Try it.
In this exercise, the entries below include pictures. Repeat exactly the lines from the line with "Fedora 25 Workstation 安裝指南Fedora" to the line with "Homme, Gestionnaire, Sms, Chat, Popup", including both, but without the pictures.

Records.

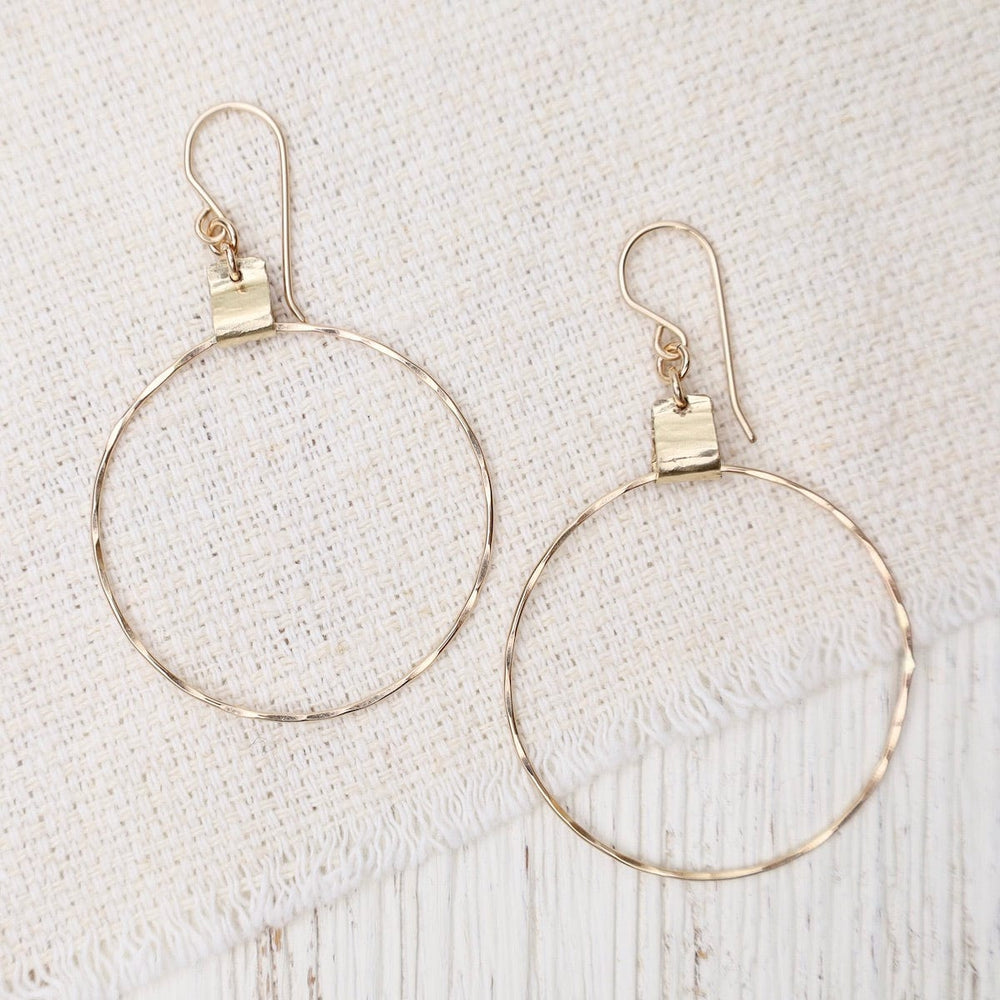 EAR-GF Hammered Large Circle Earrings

...

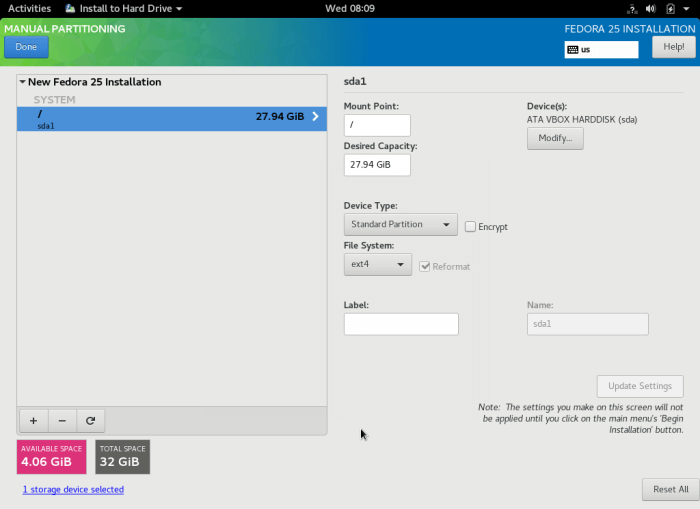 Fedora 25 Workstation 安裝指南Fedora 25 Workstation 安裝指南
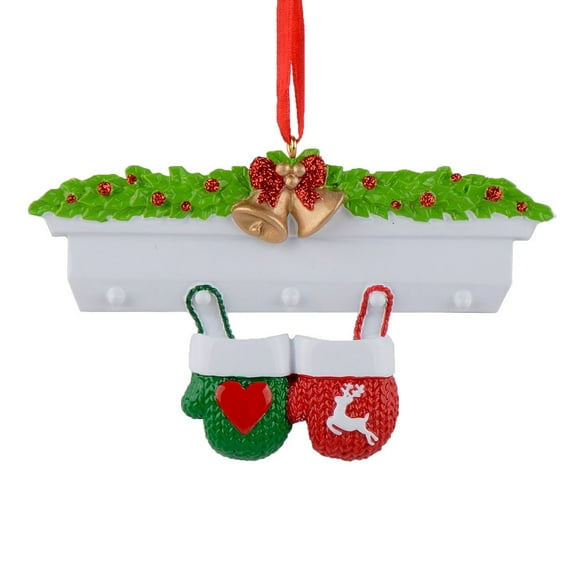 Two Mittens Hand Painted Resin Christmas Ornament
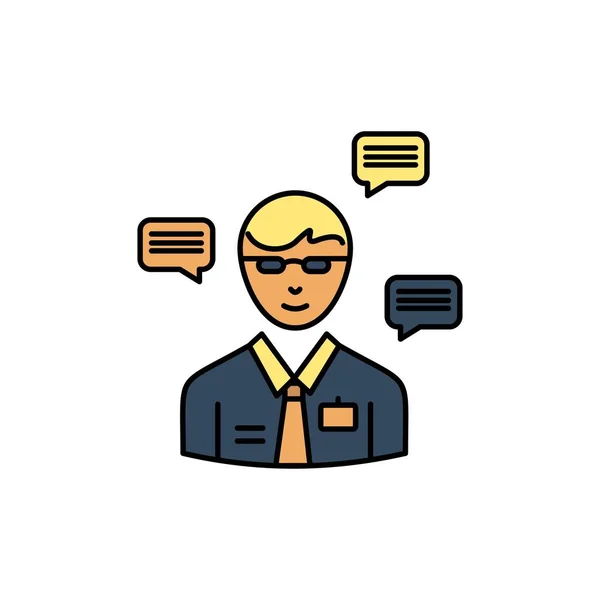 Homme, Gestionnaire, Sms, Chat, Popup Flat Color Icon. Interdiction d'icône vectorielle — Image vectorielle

Response box.
 Fedora 25 Workstation 安裝指南Fedora 25 Workstation 安裝指南
 Two Mittens Hand Painted Resin Christmas Ornament
 Homme, Gestionnaire, Sms, Chat, Popup Flat Color Icon. Interdiction d'icône vectorielle — Image vectorielle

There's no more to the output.